Extracted records: Begin

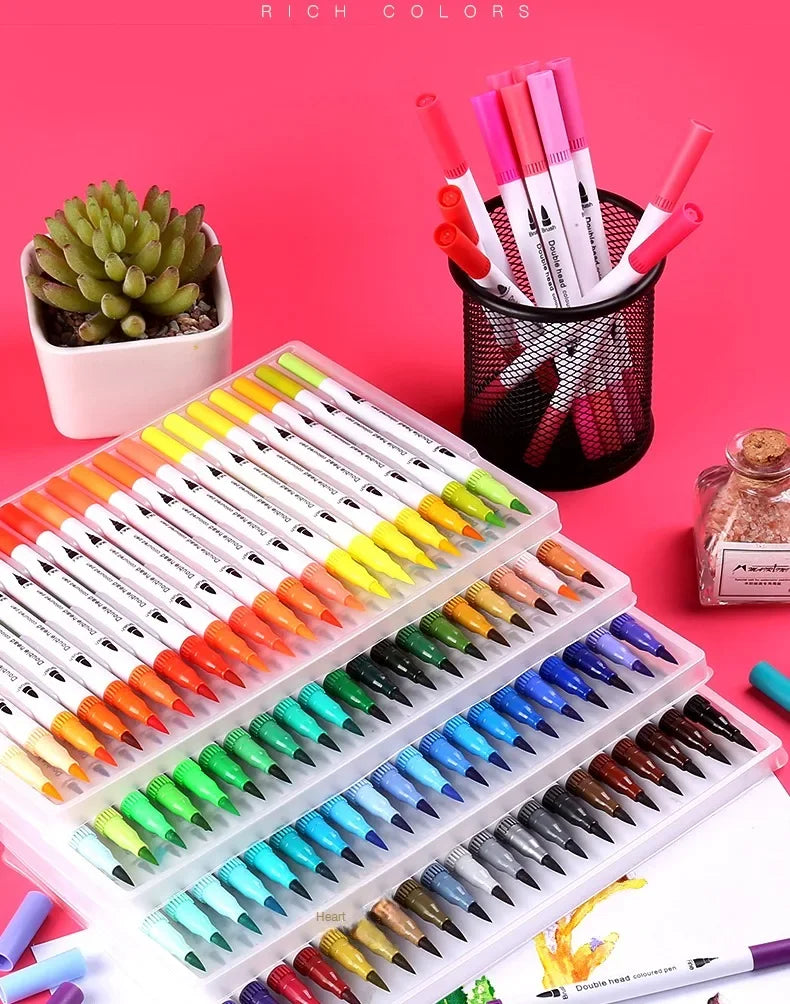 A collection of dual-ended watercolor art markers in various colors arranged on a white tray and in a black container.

Extracted records: End
Extracted records: Begin

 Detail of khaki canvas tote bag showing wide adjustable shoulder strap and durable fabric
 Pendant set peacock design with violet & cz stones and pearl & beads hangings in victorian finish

Extracted records: End

Of the entries above, repeat exactly the lines between the line with "Detail of khaki" and the line with "Pendant set peacock", inclusive, and no others.

▶ **Answer section**:
 Detail of khaki canvas tote bag showing wide adjustable shoulder strap and durable fabric
 Pendant set peacock design with violet & cz stones and pearl & beads hangings in victorian finish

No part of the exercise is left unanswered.